18. The method of claim 11, wherein requesting the multi-transport path connection comprises: requesting, at the multi-home adaptation layer, the multi-transport path connection by transmitting the first and second network element multi-transport addresses, including transport addresses passing through mutually different communication networks, to the second network element by using a set-up message; and transmitting, at the multi-home adaptation layer of the second network element, the second network element multi-transport addresses corresponding to the transport addresses passing through the different communication networks, which have been received at the time of the multi-transport path connection request, by using a set-up acknowledgement message.

19. The method of claim 15, wherein requesting the multi-transport path connection using a set-up message comprises: assigning an identification number and a priority to each of the multi-transport addresses; and recording the multi-transport addresses and the identification numbers in the set-up message and transmitting the set-up message in accordance with the relevant priorities.

20. The method of claim 15, wherein requesting the multi-transport path connection comprises transmitting IP addresses and port numbers as multi-transport addresses if the communication networks, which become the transport paths to the second network element are IP based packet networks or by transmitting an ATM address as multi-transport addresses if the communication networks are the ATM based packet networks.
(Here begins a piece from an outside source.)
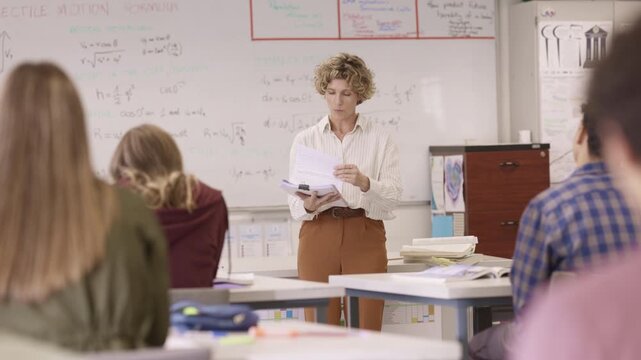 Mature teacher explaining lesson to teenagers student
21. The method of claim 15, wherein the transmission of the multi-transport addresses using a set-up response at the multi-home adaptation layer of the second network comprises recording the second network element multi-transport addresses corresponding to the multi-transport addresses requested by the first network element (connection requesting network element) for connection and their respective identification numbers in a set-up acknowledgement message and transmitting the set-up acknowledgement message to the originating network element according to the same priorities.

22. A system for multiplexing transport paths of first and second packet network based network elements, comprising: a transport layer configured to connect first and second network elements; an application layer configured to support network utilities or application programs at the first and second network element; a multi-home adaptation layer implemented between the transport layer and the application layer for multiplexing transport paths; first and second network element multi-transport addresses; and a multi-transport path connection configured to transmit the first network element multi-transport address according to priorities to the second network element, wherein the second network element sends the multi-transport and initializes a connection of the multi-transport paths between the first and second relevant network elements.

23. The system of claim 22, further comprising a main transport path, configured to transmit control messages to the second network element.

24. The system of claim 23, wherein the main transport path is selected from among the initialized multi-transport paths.

25. The system of claim 22, wherein the multi-home adaptation layer is configured to: check whether a failure has occurred on any of the multi-transport paths connecting the first and second network elements; determine if a failure has occurred on the main transport path from which the control messages are transmitted; and substitute the main transport path with another multi-transport path on which no failure has occurred, if the failure has occurred on any of the multi-transport paths.

26. The system of claim 25, wherein the multi-home adaptation layer is configured to substitute the main transport path with another multi-transport path if an upper application layer requests the substitution of the main transport path after the connection of the multi-transport paths has been initialized at the multi-home adaptation layer.

27. The system of claim 25, wherein the multi-home adaptation layer is configured to substitute main transport paths in a fail over message, transmit an address information a second network element, and receive a fail over acknowledgment message from the second network element.